I thought, wow that’s a badass way to avoid getting tangled up in what other people are doing. It’s also super ironic because my brother is in fact, her monkey. But that’s neither here nor there.
Since I heard her say that, I haven’t stopped thinking about situations that are not my circus, not my monkey. And to be honest, I’ve found myself saying it a whole lot. There is so much that happens on a daily basis that I don’t need to concern myself about or get involved with. That healthy separation is a game changer and can really cut out a giant amount of crap that is flat out not yours to concern yourself with. This funny saying is really reminding me to not take on the responsibility of what others are thinking, feeling or doing. It’s not my responsibility to take that on and it’s certainly not selfish of me to cross off “making sure others are cool with what I do with my life” on my to-do list.
As someone who prefers Feeling over Thinking, this is something I have always struggled with. I seek harmony. I want everyone to be okay, be on the same page, be on board. In my worst ways of seeking this harmony, I tend to make myself irrelevant. In accommodating the needs of the group, I can get to the point where I don’t accommodate my own needs - or worse, I don’t even take the time to check in and identify what my needs are. Making myself relevant, staying in my lane and really identifying what is mine to be concerned with is something I work hard at every single day. I have progress to make but in the work I have done so far in this area, it has become more natural for me to have a not my circus, not my monkey kinda vibe.

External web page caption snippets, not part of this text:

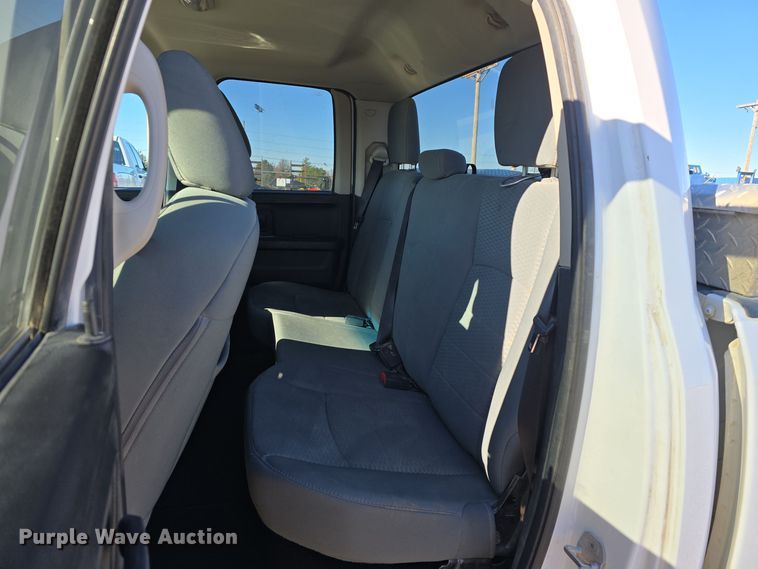 image for item LW9991 2013 Dodge Ram 1500 Quad Cab pickup truck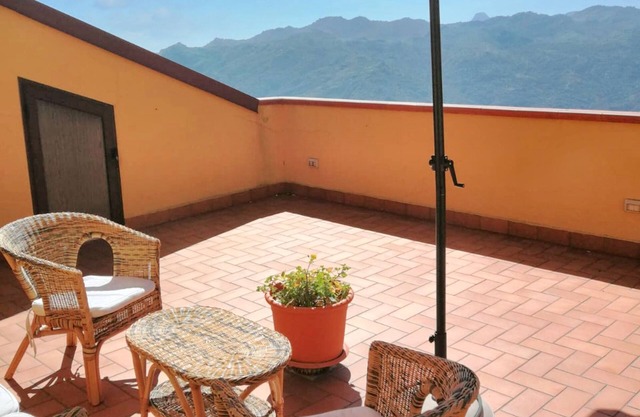 Homerez - Apto en Casalvecchio Siculo, vista montaña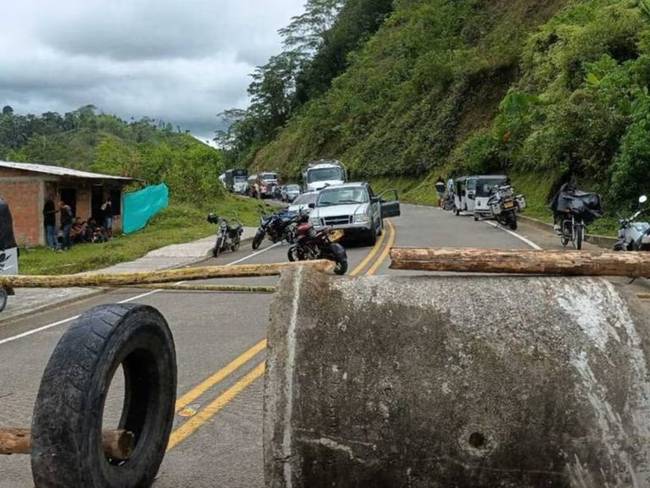 Manifestaciones en vía Panamericana entre Risaralda y Chocó / Foto: Suministrada comunidades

I want you to think about the times you took on the responsibility of what other people are thinking. I’ll give you a hint: it’s anytime you start a sentence with:
“I don’t want you to think…”
“I hope you’re not thinking…”
In that scenario, you’re taking on the responsibility of what the other person is going to think or feel. You’re trying to manipulate the situation so that they are thinking and feeling the exact same way you want them to feel. When in fact, it’s not your responsibility. People are going to think and feel however they are going to think and feel. Why use your limited energy to try and control something that is out of your hands?

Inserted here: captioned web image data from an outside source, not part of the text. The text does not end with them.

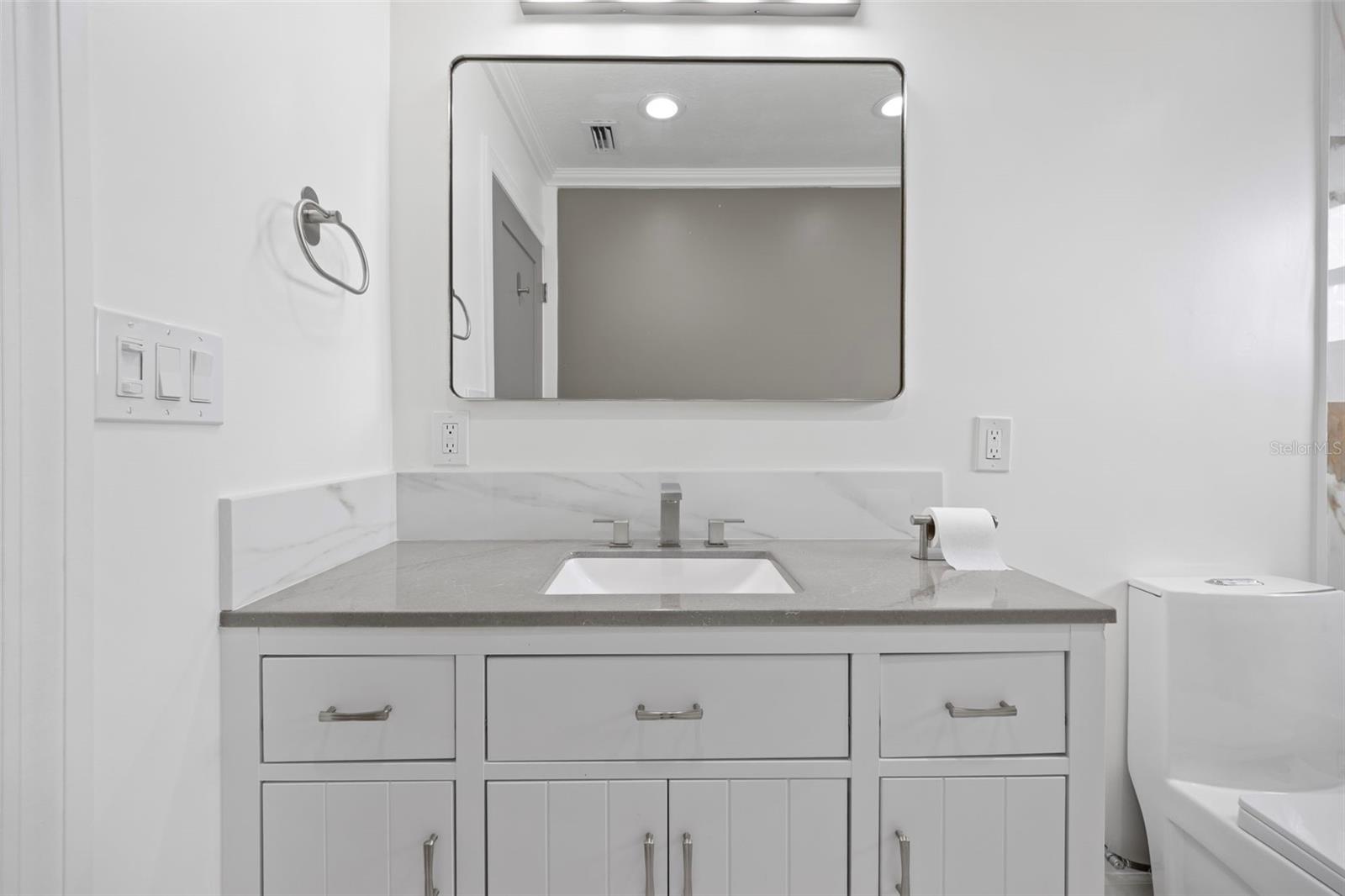 Image 22 of 59 For 1817 Oregon Avenue Ne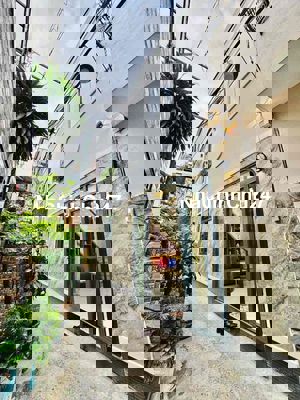 Chủ gấp bán căn nhà tại Bình Thạnh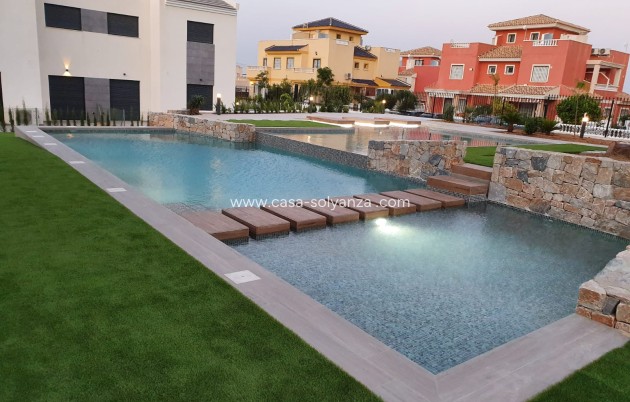 Obra nueva - Bungalow - Torrevieja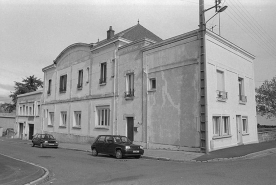 Vue de la façade sur rue vue depuis le carefour des rue des Prés et de Ciry (de droite à gauche : le logement, les bureaux, le garage). © Région Bourgogne-Franche-Comté, Inventaire du patrimoine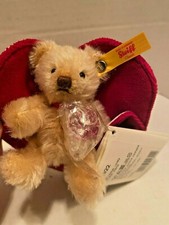NEW STEIFF MINI TEDDY COLLECTION "LOVELY" WITH HEART POUCH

Meanwhile, when we shift the focus back on you - you are an afterthought for yourself. Do you care about what you think? Do you care about what you feel? You’re probably not grounded in these areas if you’re busy taking on the responsibility of what other people are thinking, feeling and doing. Repeat after Trish. Not my circus, not my monkey.

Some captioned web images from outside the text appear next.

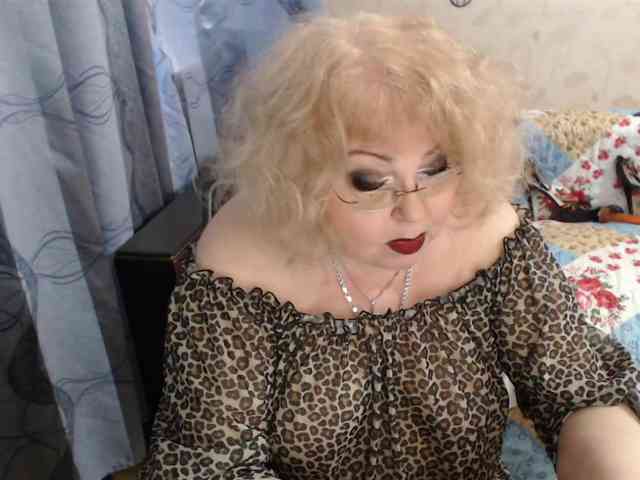 livingnextdoor Live Webcam on BongaCams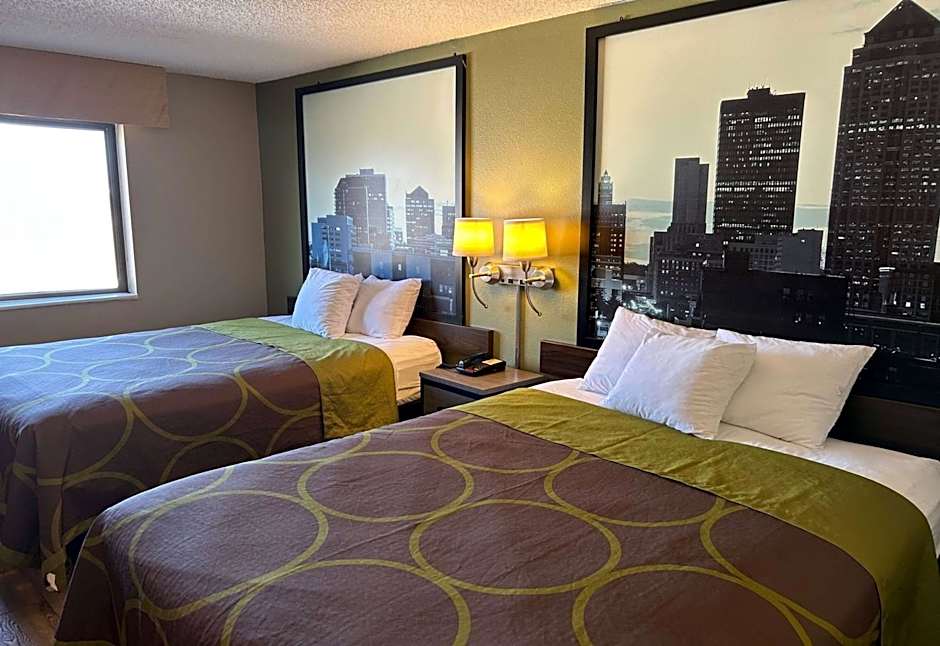 Super 8 by Wyndham Perry IA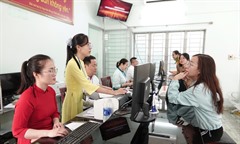 Trưởng phòng cấp xã xếp ngạch chuyên viên chính có cần 9 năm giữ ngạch chuyên viên?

It sounds simple but shifting your mindset to be less focused on others can be a lot of work, especially if this is something you’ve gotten in the habit of doing. And if you’re a human being living on planet Earth, chances are you’re caught in this habit to some degree. But being conscious about your thoughts and actions, why they’re there and who they’re serving can move you towards a healthier mindset.
I challenge you to become aware of this for the next 7 days. Simply notice when this shows up. Even if you’re reading this and thinking, “I don’t care about what other people think.” Trust me, and try to notice the times when you do. Notice the times you start to find yourself concerned about what others are thinking, feeling or doing. Write them down. Don’t try to fix it all yet, simply notice for now.
Are you noticing you’re worried about what coworkers, friends or family will think of something you say or do? Are you taking on the responsibility of someone else being okay or happy with a decision you make? Let’s get clear on these areas where you’re taking on responsibility you should not be taking on. Because how can we rewrite our script if we don’t know the existing script?
This all seems so simple, but as a society we are all programmed this way. We get the degree because we want to make sure our parents proud. We stay in a job we hate because we don’t know what our coworkers would do without us. We go to events we don’t want to go to because we’re worried about hurting the host’s feelings. This shows up everywhere in our lives, down to the most minuscule details.
When in reality, our one and only job is to focus on what’s serving you and what is true to you.
Everything else? Not your circus, not your monkey.